---------- The data
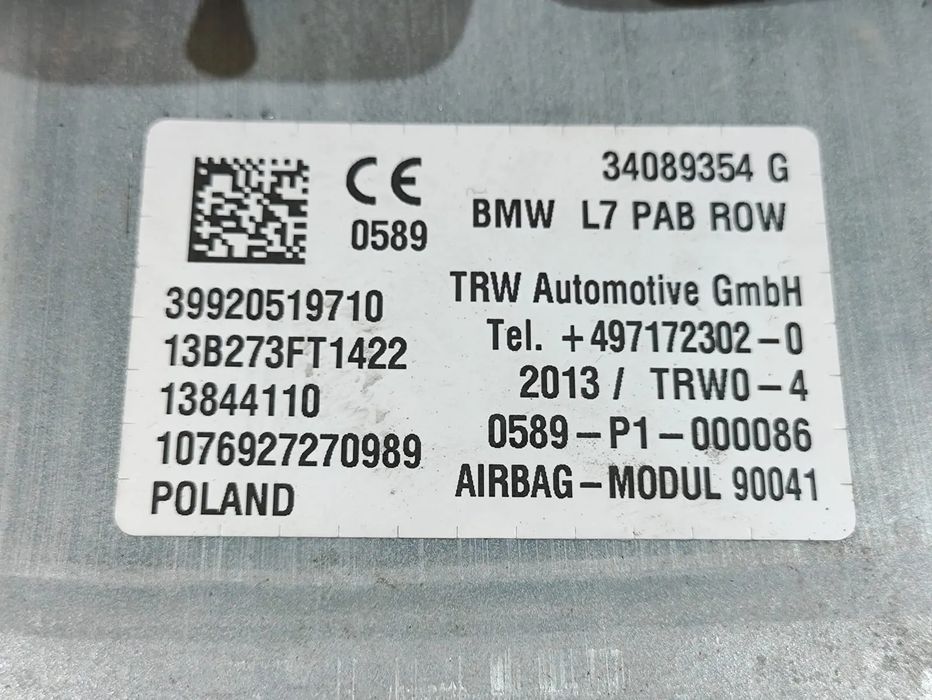 Airbag passageiro BMW Serie 3 F30
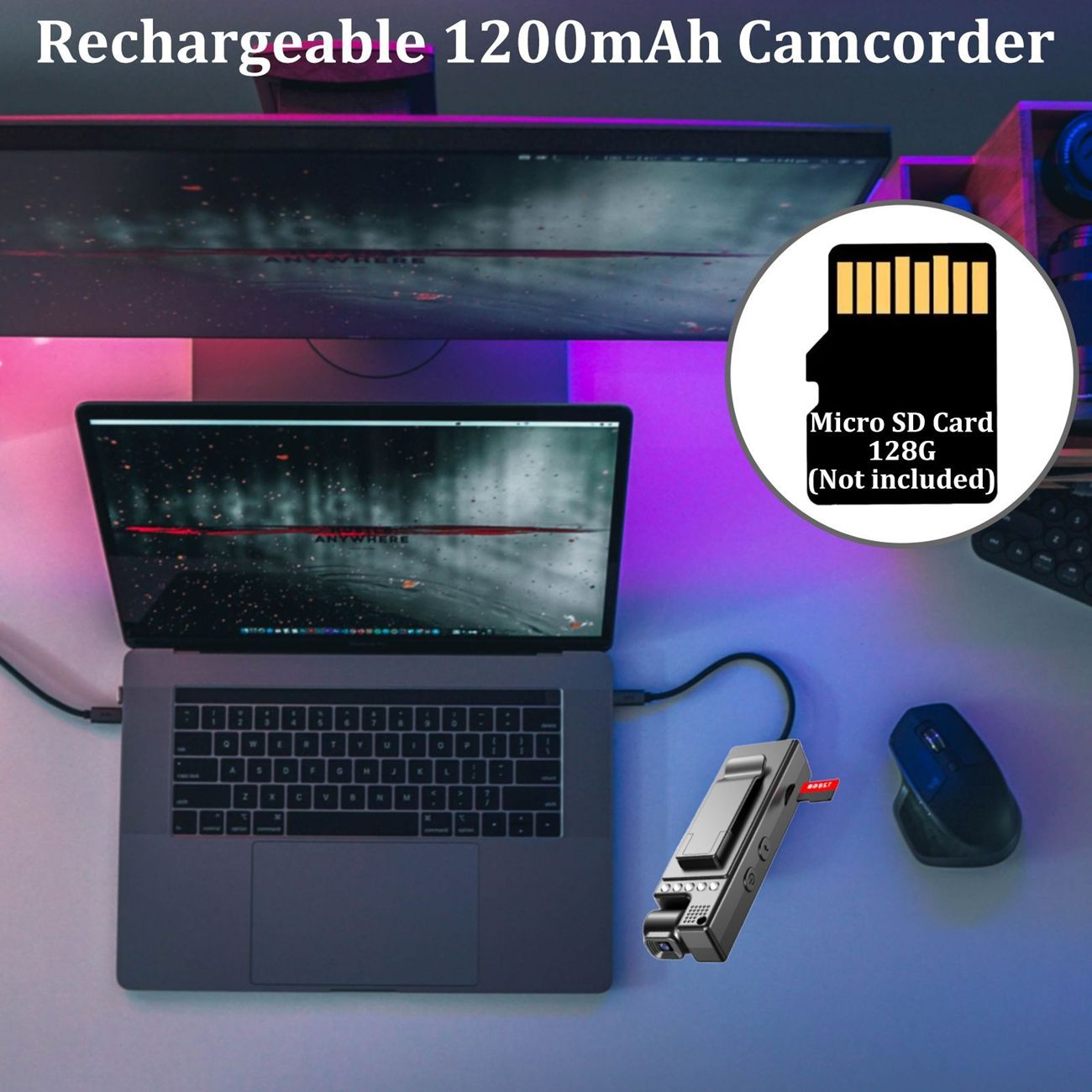 L9 sports camera ultra-clear picture quality portable outdoor video wifi camera conference recorder recording pen HD night vision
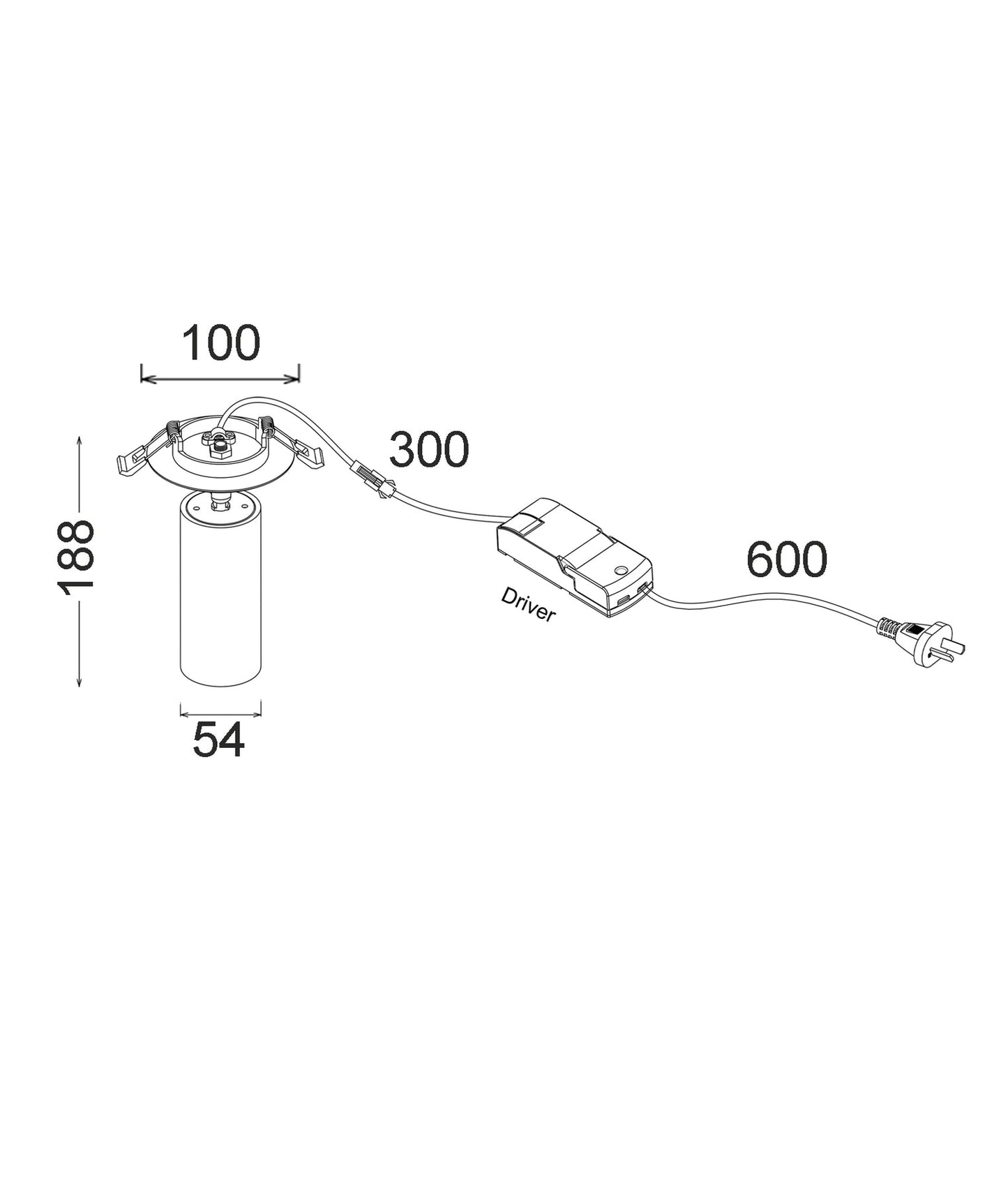 LED Recessed Tri-CCT Rotatable Spot Downlights - White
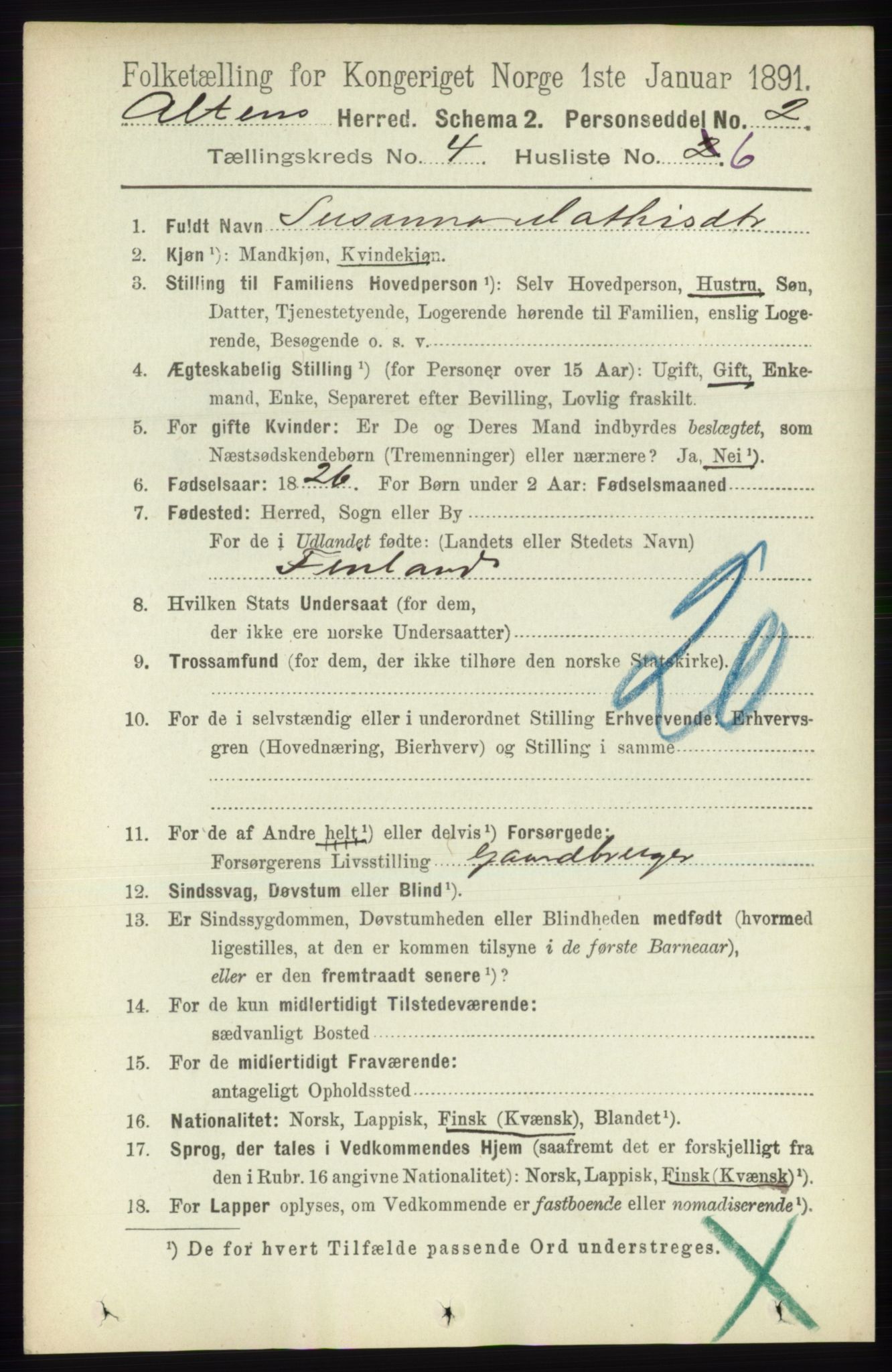 RA, 1891 census for 2012 Alta, 1891, p. 1389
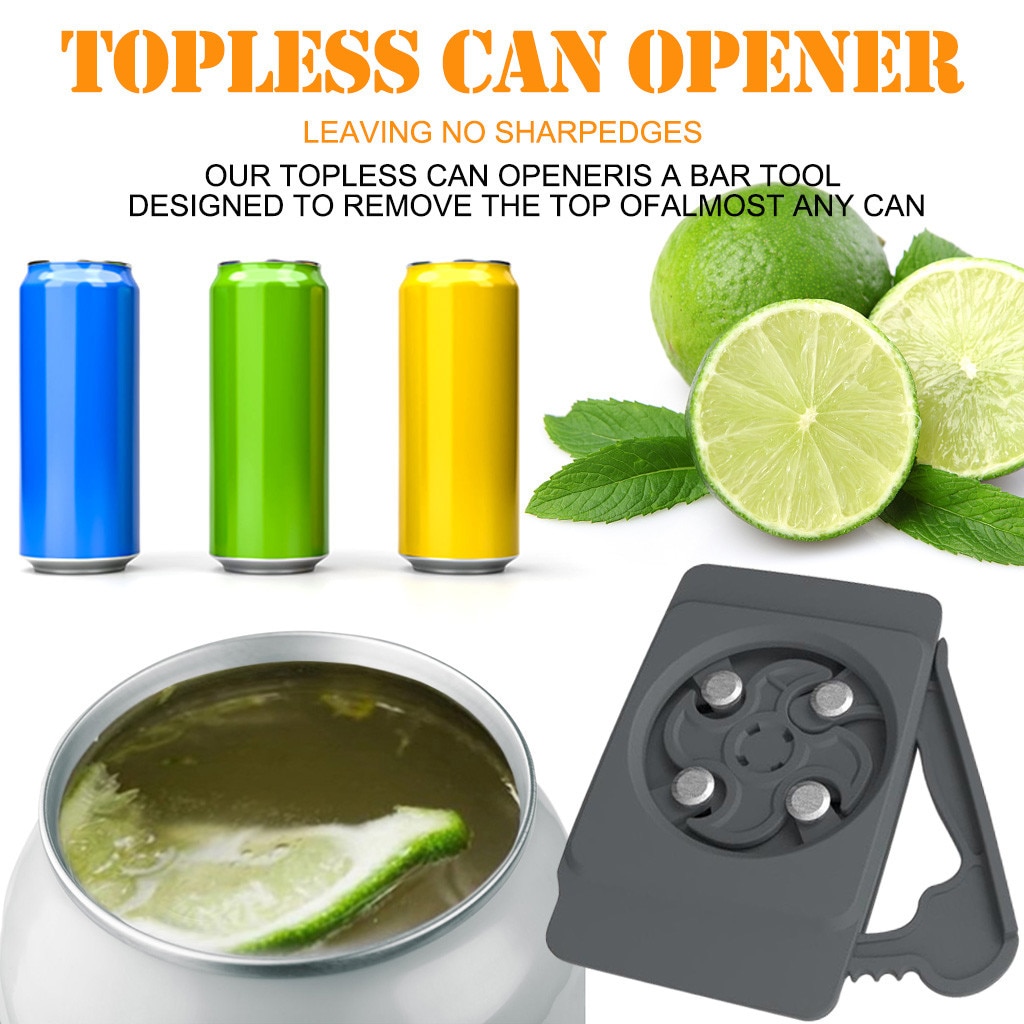 Stainless Steel Manual Can Opener Multifunction Tin Canned Food Opener Side Cutter Beer Bottle Opening Kitchen Bar Tools #j3s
--------------------
**Problem details**. Give an exact copy of the entries, excluding all pictures.

**Worked solution**.
 Airbag passageiro BMW Serie 3 F30
 L9 sports camera ultra-clear picture quality portable outdoor video wifi camera conference recorder recording pen HD night vision
 LED Recessed Tri-CCT Rotatable Spot Downlights - White
 RA, 1891 census for 2012 Alta, 1891, p. 1389
 Stainless Steel Manual Can Opener Multifunction Tin Canned Food Opener Side Cutter Beer Bottle Opening Kitchen Bar Tools #j3s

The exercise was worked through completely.